While there are many social media sites you can be involved in, I’m going to talk mainly about Twitter today.  I joined Twitter a few years ago without really knowing what to do with it.  I lurked and read Tweets by local news outlets and some celebrities.  I didn’t tweet because I didn’t have any followers and didn’t know what I’d tweet about even if I did.  I wasn’t doing anything interesting ( I thought) and didn’t think anyone would care.  I really didn’t see the big deal and why people were all a’ Twitter about Twitter.  I felt stupid and definitely like I was missing something.

Once I started writing this blog, a friend suggested I start sharing it via Twitter and Facebook.  I said ok.  Soon, I started having some followers.  The more I blogged, the more followers I got.  That was pretty cool…except I was still missing the point of Twitter… and the bounty of knowledge of other educators.

Going through the Apple Distinguished Educator application process, I started following other ADE’s.  I also started following some of the people they were following.  I started reading their tweets and following some of the links they were sharing.  I was amazed at the wealth of information, apps, links and other information I had at my fingertips.  I had found a PLN that I could share information with and gain knowledge from.  It is like the corner convenience store…open 24/7 and always has just the very thing you need, plus some other things you didn’t even know you needed.

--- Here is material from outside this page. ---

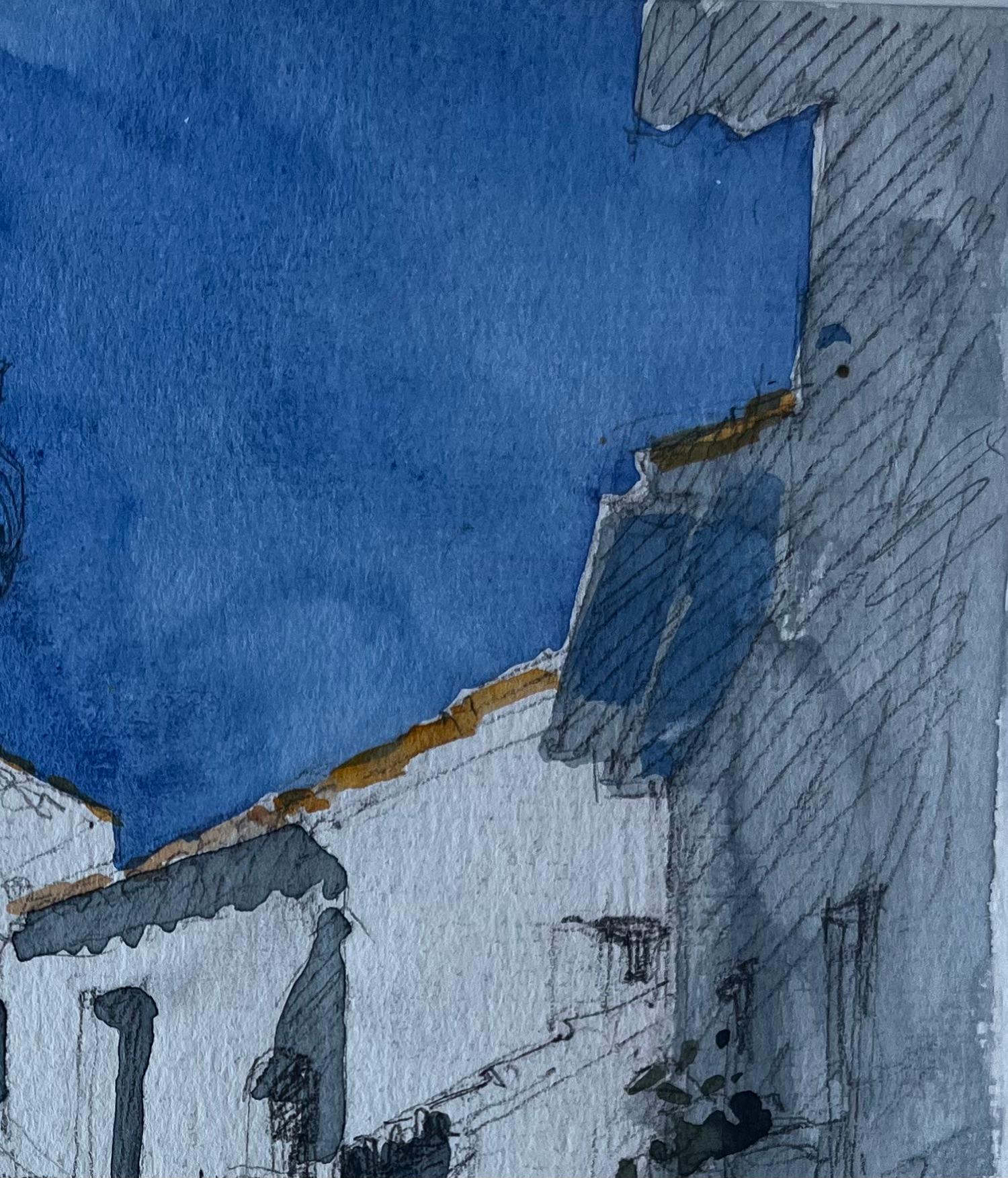 Cucuron Provenza - Scena di strada illuminata dal sole - Acquerello di Pierre Neveu, artista francese in vendita 2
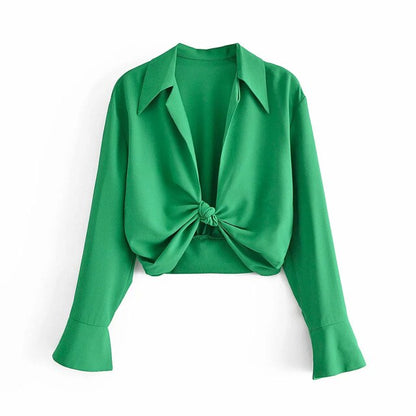 XIKOM  Summer Women Vintage Elegant Green Shirt Female Sexy V Neck Streetwears Blouses Casual Tie Slim Shirt Chic Blusas Top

So, a few things you might need if you are not on Twitter or you are still lurking in the shadows:

1.  Use the hash tag # symbol followed by whatever topic you might be interested in.  I follow #edtech, #kinderchat and a few others.

2. Use the @ before someone’s name to find them.  For example, you can find me at @kristimeeuwse.

3.  You can post tweets, choose to favorite some tweets (that way you can refer back quickly), re-tweet or even direct message people.

4.  Keep it simple…140 characters or less and don’t go crazy with the hash tags.  Others may want to retweet you.

Many of the topics you choose to follow have scheduled chats you can join.  These are always full of good information.  Also, if you download HootSuite app, you can add several streams that you want to follow and look at them all at once.

Ok, so you say you don’t have time to do all you need to do plus keep up with all the social media demands.  I say find the time. Simmer down…you don’t have to check it everyday.  If you only do one thing, do Twitter.  Don’t worry if you don’t tweet much at first.  The more you read and learn from others, the more you will find you do have something valuable to add.

It seems the theme of many of my posts this summer trends toward the importance of continued professional development.  In the words of Ferris Bueller, “Life moves pretty fast, if you don’t stop and look around once in a while, you might miss it.” As educators in the 21st century, we can’t afford to miss much.

Give Twitter a try, or if you are already on, give it some more time and attention to grow your PLN.  It’s worth the time.

Today we will do exciting new things. Let’s get to it!